I am speaking at the CAI 2011 Human Resources Conference. I am talking about the future of HR, which is pretty optimistic of me because I spend a lot of time dealing with unmotivated and cynical HR professionals. But isn’t everyone unmotivated and cynical these days? There are economic pressures. Cranky employees. The ongoing recession. Just like every other job, the future looks pretty bleak for most HR specialists and generalists.
Most HR people try to see a light at the tunnel by clamoring to fill strategic roles within an organization. Strategy seems sexy. Strategy seems important. Strategy seems awesome. Dealing with an employee who cuts his fingernails at his desk? Working with a manager who screams at his subordinates? Coordinating a team-building activity? It feels so exhausting and demeaning.
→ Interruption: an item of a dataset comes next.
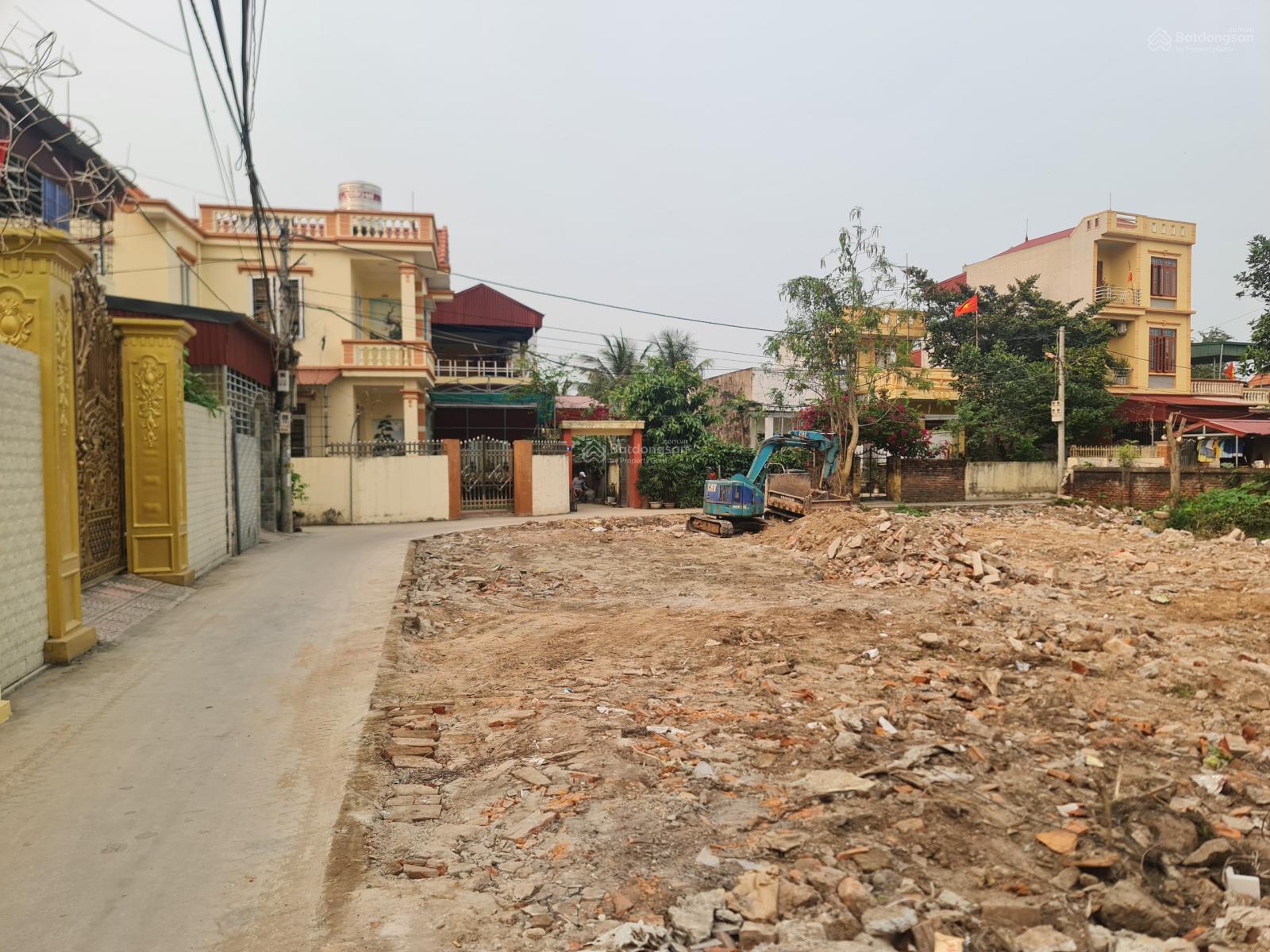 Bán đất trung tâm quận Đồ Sơn giá 870tr.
And I get that. I really do.
But Human Resources is a people function, and most people aren’t strategic. They are reactionary, confused, and hate change. And since we don’t employ monkey-robots just yet, HR will always need to get the ‘people basics’ right before they are allowed to do more strategic work.
So what can you do in your current job to make it feel more strategic — even when it isn’t?
- Set better boundaries. When we let CFOs and CEOs define HR, which they do in so many HR functions, we abdicate responsibility for our profession and our careers. We take responsibility for wellness fairs, dress code enforcement, and employee relations problems because we think that is a pathway to the more strategic discussions. It’s not.
- Learn math and critical thinking skills. Take a “finance for non-financial professionals” short course. Learn math because it informs the language of business. And critical thinking skills are just as important as math because they balance out the intense pressure to rely upon data. Just because you can measure something doesn’t mean that it’s valuable—and just because you can’t measure something doesn’t mean that it is meaningless.
- Stop talking about compliance and focus on business results. Compliance is important, but challenging the status quo is equally as important. If something doesn’t make sense legislatively, work to fix it. If compliance costs money, make sure you operate ethically and safely but look for cost-saving solutions. And don’t assume that your background in Human Resources gives you some insight into the law. When in doubt, call on real experts.
The future of HR is like every other job: it’s work, which means that it’s messy. Very few people will become strategic thinkers and leaders. It doesn’t mean that you can’t be strategic in the way you approach your operational job duties. Learn to say no when appropriate, speak the language of business, and don’t try to pick a side between people and money. Both are important.